Interestingly, the part of the brain that responds to fat is the same part of the brain that responds to sugar. In a study published in Nature last year, the researchers found that the tail nucleus high-speed reactor is activated even when there is sugar in the intestine. In this study, the researchers gave rats sugar water and sweetener water, but when they drank the sweetener water, the caudate nucleus was not activated. This is the reason why diet sodas such as ‘Cola Zero’ cannot provide perfect satisfaction.

Although it is still at the level of animal testing, the reason people like sugar and fatty foods is that these molecules transmit signals to the brain through a ‘secret passage’. A neurological basis was discovered that made it difficult to suppress the sweet and oily taste.

Can oil taste be recognized as ‘the sixth taste’?

▲ Oil taste is a candidate for ‘6th taste’ following sweet, sour, salty, bitter and umami. ⒸPixabay

There is a saying that ‘shoes are delicious if fried too’. It means that no matter what the ingredients are, cooking in oil will make them tastier.
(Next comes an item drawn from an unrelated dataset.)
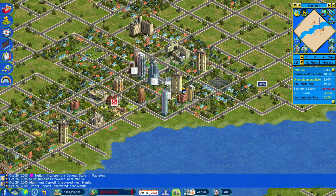That is a general overview of the things that have been added with the City Economics Simulation DLC. It's definitely added a lot of depth to the game, giving you a lot more replayability. Thank you so much for joining me — I hope you found this helpful and enjoy the game.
Studies on the ‘sixth taste’ of oil taste, that is, the taste that detects fat, after sweet, sour, salty, bitter, and umami, are also being continuously published.

A representative example is a study published in the international academic journal ‘Journal of Lipid Research’ by Professor Nada Abumrad’s team at the University of Washington in 2012. The research team published a study result showing that the higher the number of receptors called ‘CD36’, which recognizes fat molecules in the taste buds on the upper surface of the tongue, the higher the sensitivity to the taste of oil. Because of this receptor abnormality, people who feel less oily in food consume more fat and gain weight.

Fat taste has not yet been recognized as the sixth taste. It is still competing with various candidates such as water taste and carbohydrate taste. The umami taste was first proven by research in 1908, but it was not until 1985, 80 years later, that it was recognized as the fifth taste. We don’t know how many festivals will repeat until the protagonist of the sixth taste is decided, but we should focus on overcoming the lure of the intestines to attract fatty foods each holiday.